A crunchy, sweet, and spiced autumn snack made from pumpkin seeds tossed in maple syrup and cinnamon, then roasted to golden perfection. Perfect for cozy evenings, festive gatherings, or simply enjoying a seasonal treat.


Ingredients

Scale

1 ½ cups raw pumpkin seeds (cleaned and dried)
1 ½ tablespoons pure maple syrup
1 tablespoon olive oil or melted butter
1 ½ teaspoons ground cinnamon
½ teaspoon ground nutmeg (optional)
½ teaspoon vanilla extract
¼ teaspoon fine sea salt
1 tablespoon brown sugar (optional)


Instructions

  • If using fresh pumpkin seeds, rinse them under cool water and separate them from the pulp. Pat dry thoroughly with paper towels. For best texture, let them air-dry for several hours or overnight.

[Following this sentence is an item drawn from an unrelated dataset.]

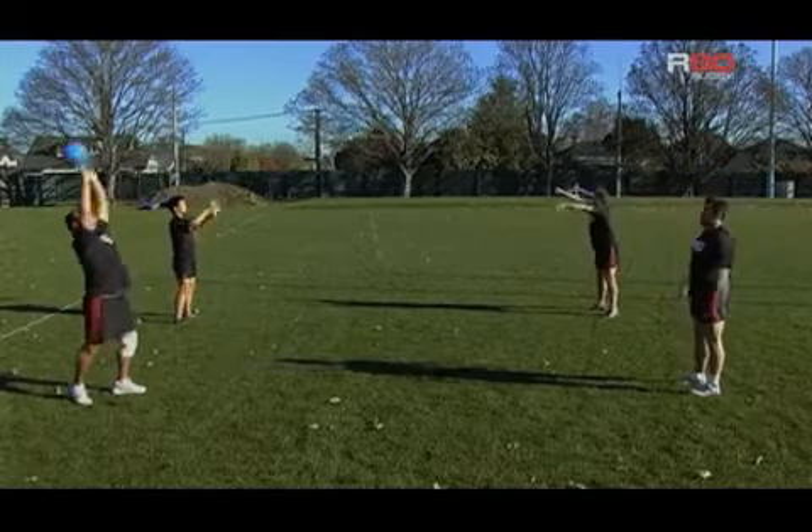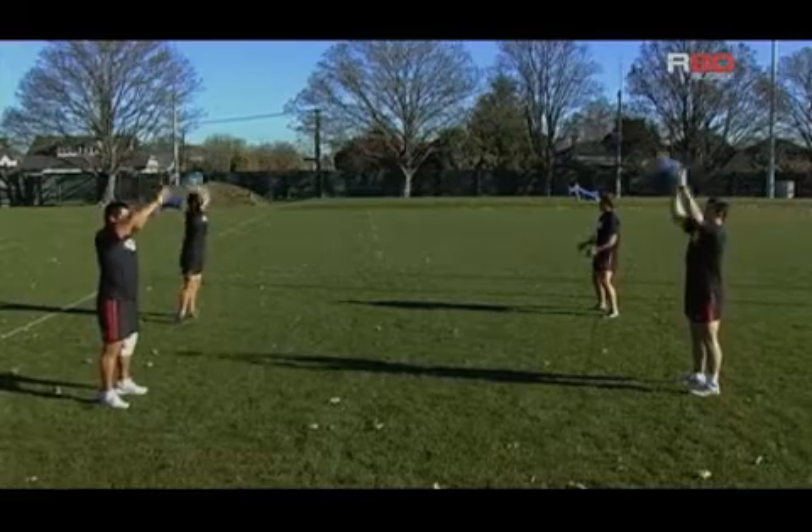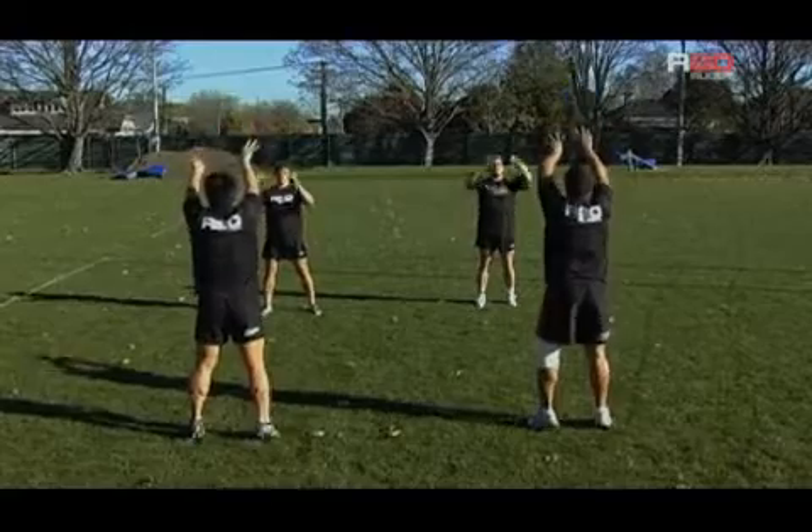Hopefully, the arms aren't really generating the power — all the power is being generated by the legs and glutes first, and the arms are just about direction and accuracy, as opposed to having to generate power.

  • Preheat your oven to 300°F (150°C). Line a baking sheet with parchment paper or lightly grease it.

  • In a medium mixing bowl, combine the pumpkin seeds, maple syrup, olive oil (or melted butter), cinnamon, nutmeg, vanilla extract, and salt. Stir well until all the seeds are coated evenly. Add the brown sugar if you prefer extra sweetness.

  • Spread the coated seeds in a single layer on the prepared baking sheet.

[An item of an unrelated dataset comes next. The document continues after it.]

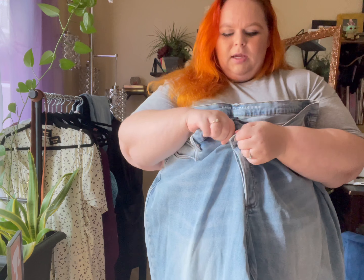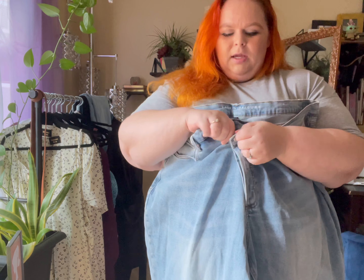Before we dive into this first pair of jeans, I do want to add that I have gained some weight and now instead of a 20 I'm more of a size 22. With all the denim you're going to see here from Fashion to Figure, I did size up one size and ordered 24s. I am a size 22 right now and I ordered one size up for these jeans.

  • Roast in the oven for 20–25 minutes, stirring halfway through to ensure even cooking. The seeds should turn lightly golden and fragrant.

  • Remove from the oven and let the seeds cool completely on the baking sheet. They will crisp up as they cool.

  • Store in an airtight container once cooled, and enjoy as a snack or topping.

Notes

  • Make sure seeds are completely dry before roasting to achieve a crispy texture.

  • Watch closely during the last few minutes of roasting, as maple syrup can burn quickly.

  • Customize the flavor with spices like ginger, cloves, or pumpkin pie spice.

  • Store at room temperature for up to 1 week, or refrigerate for up to 2 weeks.